Trump is not clearing the path for the left to build a superior way of fighting against racism and other oppressions but throwing up more obstacles to the creation of a more caring and egalitarian society. Trump aims to create an atmosphere of fear. He wants to brutalise the most oppressed, and society more broadly, to lower all of our standards and expectations. He is about attacking the working class and any idea that workers should have rights.

Sunkara’s comments are linked to a broader political view, termed “class first” socialism, which conflates neoliberal identity politics with all anti-racism and opposition to oppression, and which says that focusing on oppression is alienating to the working class, particularly at an electoral level. In practice, these people tend to support the Democrats. They blame the party’s adherence to identity politics when it fails and, while this is certainly a factor, their critique is aimed at rehabilitating the party.

As well as a thin veneer for opportunist electoralism, these class reductionists sell out our side twice over: once by in effect arguing for the abandonment of the oppressed, and then again by arguing that the working class is too basic and self-interested to care about oppression.

Yet, here we have such a clear example, in the negative, of how oppression and class are entwined. Trump wants to attack the oppressed, as a spearhead for a major assault on the working class—not one that is going to be phased in but one that is going on as we speak. In the name of the war on DEI and “woke”, vital services that workers rely on are being slashed, workers themselves are being fired, and basic standards that the workers’ movement has fought for are under threat.

The political right has clearly benefited from defining its agenda as a “culture war” to make it seem separate from class attacks. The far-right politicians want to be able to masquerade as defenders of workers against culturally progressive elites. Liberal elites also like to peddle this idea, because it assists their class interests to present workers as culturally backwards but also to frame the struggles against oppression as classless pursuits of human progress.

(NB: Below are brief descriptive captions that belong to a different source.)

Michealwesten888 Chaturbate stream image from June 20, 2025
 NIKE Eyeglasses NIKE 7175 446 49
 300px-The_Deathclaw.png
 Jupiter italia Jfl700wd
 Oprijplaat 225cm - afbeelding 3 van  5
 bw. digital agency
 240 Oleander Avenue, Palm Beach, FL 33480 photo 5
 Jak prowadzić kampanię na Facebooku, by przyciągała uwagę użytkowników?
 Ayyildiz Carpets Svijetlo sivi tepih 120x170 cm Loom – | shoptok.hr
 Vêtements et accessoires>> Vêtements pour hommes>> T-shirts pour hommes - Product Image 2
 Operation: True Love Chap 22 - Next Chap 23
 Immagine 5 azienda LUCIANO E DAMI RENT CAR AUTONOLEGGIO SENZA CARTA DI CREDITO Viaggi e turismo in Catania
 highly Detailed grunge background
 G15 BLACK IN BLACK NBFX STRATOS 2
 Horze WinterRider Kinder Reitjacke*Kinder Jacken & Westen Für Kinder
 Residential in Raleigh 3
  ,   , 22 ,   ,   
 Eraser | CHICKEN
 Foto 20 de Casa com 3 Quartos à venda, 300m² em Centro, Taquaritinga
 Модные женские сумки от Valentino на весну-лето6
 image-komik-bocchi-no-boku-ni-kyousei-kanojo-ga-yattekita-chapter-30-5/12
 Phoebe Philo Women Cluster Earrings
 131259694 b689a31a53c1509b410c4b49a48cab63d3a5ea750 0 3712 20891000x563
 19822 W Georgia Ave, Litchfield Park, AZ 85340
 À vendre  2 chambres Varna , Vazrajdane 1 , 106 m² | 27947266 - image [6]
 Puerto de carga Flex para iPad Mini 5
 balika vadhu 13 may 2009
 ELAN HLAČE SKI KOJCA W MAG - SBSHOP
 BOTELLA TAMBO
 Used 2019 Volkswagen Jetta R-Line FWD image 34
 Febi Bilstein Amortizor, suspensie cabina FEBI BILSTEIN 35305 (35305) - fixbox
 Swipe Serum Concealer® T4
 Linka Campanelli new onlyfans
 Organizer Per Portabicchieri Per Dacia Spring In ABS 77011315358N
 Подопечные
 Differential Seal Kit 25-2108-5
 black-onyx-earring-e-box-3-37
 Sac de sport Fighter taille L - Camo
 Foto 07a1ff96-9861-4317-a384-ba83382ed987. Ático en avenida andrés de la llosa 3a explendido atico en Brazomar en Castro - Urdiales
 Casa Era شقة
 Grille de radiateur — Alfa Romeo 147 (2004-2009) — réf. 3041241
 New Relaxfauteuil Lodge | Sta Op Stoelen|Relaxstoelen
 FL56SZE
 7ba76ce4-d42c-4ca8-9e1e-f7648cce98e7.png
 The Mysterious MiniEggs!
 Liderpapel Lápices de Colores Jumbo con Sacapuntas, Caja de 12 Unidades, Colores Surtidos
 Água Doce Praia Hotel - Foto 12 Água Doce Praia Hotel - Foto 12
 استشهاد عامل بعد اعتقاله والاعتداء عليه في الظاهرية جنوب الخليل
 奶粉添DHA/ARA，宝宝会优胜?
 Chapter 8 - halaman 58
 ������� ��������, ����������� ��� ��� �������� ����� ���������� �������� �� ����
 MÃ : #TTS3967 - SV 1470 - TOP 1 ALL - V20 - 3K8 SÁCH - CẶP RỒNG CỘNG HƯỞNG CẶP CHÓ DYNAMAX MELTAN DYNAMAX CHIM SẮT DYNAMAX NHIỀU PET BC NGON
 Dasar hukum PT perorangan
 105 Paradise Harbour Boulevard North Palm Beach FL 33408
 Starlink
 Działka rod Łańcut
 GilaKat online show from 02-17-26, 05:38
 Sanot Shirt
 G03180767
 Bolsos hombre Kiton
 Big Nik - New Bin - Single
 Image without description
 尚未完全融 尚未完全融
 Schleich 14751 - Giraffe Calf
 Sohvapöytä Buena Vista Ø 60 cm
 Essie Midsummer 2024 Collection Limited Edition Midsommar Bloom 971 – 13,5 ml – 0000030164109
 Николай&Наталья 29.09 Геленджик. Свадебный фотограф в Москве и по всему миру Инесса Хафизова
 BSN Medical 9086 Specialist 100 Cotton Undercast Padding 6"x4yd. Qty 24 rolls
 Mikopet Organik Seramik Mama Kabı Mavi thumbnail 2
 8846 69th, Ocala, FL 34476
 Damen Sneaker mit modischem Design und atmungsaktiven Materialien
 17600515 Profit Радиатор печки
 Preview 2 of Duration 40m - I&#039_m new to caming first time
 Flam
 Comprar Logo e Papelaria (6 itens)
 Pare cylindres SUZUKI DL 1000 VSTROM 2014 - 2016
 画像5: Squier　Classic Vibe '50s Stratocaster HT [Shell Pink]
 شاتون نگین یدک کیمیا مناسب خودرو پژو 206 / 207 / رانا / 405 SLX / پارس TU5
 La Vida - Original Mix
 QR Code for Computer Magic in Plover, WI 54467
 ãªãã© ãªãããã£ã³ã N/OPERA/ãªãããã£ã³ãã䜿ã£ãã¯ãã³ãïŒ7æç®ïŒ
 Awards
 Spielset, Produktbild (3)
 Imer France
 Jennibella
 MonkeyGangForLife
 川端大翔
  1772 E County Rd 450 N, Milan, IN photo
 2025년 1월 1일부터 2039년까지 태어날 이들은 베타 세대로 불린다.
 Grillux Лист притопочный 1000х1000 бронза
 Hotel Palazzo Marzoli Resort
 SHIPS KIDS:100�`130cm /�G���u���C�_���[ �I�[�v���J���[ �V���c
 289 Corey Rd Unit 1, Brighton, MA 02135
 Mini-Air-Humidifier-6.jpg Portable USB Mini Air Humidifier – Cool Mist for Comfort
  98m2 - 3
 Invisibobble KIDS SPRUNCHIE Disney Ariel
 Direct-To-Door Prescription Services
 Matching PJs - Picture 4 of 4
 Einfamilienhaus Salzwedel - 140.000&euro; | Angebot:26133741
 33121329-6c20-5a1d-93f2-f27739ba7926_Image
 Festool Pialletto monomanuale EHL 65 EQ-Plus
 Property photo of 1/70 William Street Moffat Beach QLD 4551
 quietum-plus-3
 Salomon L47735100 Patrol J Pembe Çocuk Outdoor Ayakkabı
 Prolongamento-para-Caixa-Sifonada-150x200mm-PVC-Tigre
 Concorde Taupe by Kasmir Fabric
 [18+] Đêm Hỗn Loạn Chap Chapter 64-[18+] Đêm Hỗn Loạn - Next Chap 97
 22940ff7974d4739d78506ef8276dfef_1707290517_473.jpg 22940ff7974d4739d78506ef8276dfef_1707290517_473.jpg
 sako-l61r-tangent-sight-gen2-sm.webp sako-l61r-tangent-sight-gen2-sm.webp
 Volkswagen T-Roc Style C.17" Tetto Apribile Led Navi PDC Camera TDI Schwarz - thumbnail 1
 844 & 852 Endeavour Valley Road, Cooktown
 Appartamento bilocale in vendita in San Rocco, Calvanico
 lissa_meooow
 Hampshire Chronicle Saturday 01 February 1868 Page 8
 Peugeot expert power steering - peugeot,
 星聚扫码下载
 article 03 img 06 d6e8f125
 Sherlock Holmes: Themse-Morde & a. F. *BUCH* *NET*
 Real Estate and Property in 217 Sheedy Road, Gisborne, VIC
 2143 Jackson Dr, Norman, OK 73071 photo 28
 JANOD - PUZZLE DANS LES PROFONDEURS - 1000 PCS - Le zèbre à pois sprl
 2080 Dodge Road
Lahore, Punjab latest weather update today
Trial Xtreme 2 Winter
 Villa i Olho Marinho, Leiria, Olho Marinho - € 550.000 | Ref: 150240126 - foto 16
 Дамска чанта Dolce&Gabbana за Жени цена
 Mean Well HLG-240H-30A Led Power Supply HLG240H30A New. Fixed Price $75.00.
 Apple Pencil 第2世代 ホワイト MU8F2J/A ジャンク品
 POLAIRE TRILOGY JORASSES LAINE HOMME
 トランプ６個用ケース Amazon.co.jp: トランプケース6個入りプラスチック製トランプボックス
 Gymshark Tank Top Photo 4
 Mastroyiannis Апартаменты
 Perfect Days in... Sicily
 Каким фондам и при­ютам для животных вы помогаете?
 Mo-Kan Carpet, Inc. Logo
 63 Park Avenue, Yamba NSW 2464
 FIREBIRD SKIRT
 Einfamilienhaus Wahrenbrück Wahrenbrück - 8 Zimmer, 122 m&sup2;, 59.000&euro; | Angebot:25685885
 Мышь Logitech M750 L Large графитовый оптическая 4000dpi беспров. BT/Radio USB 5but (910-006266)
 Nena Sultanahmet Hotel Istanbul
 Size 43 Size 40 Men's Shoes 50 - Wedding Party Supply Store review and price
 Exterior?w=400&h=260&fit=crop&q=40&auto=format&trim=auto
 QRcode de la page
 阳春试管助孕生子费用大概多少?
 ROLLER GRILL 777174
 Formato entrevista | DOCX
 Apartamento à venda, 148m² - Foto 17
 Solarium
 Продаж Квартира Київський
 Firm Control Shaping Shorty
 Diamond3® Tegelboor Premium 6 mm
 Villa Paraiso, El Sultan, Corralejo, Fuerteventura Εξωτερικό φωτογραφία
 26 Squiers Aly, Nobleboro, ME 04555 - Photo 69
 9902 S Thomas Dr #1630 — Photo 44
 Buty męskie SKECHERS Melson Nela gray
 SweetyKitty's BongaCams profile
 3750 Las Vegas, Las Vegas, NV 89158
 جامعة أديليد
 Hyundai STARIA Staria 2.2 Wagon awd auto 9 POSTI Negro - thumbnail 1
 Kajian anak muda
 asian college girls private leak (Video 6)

It is up to the left to reject these lies. The rights of racially oppressed groups, women and the LGBT community are inextricably bound with the class struggle. It was during high points of class struggle that oppressed groups won the most gains. Struggles against oppression have repeatedly been a lightning rod for broader working-class rebellion and advances.

If we are going to defeat Trump’s assault, our side needs this history and political outlook. Fighting back will require mass resistance in the streets, industrial action by workers and the offering of an anti-capitalist horizon for our struggles.

We have seen mass resistance in recent times: the Black Lives Matter movement of 2020, the historic Palestine demonstrations in support of Gaza, some smaller but important mobilisations for trans rights recently. We need all these people and more to start organising, disrupting business as usual, asserting that the rights of the oppressed will be defended and expanded.

And, crucially, we need to build links of solidarity between our struggles. Agonising about who has more privilege or whether people are harbouring implicit biases or manifesting micro-aggressions is a distraction from building these kinds of movements.

Ultimately, to make real gains, we need the working class to move, to use its industrial power to fight for better wages and conditions and to fight like hell for the dignity and humanity that we all deserve. The workers’ movement, at its best, takes up the cause of every oppressed group because an injury to one is an injury to all.

It is no accident that the far right and its billionaire champions want to degrade all of us: their power and wealth are based on trampling people. It is no accident that the liberal elites can be progressive only in tokenistic and superficial ways, because their power too is based on our oppression.

In contrast to both, our power is based on solidarity and a collective drive for justice and dignity. It is this power—that of the working class and all of its constituent groups—that can one day establish a society that is genuinely diverse, equitable and inclusive.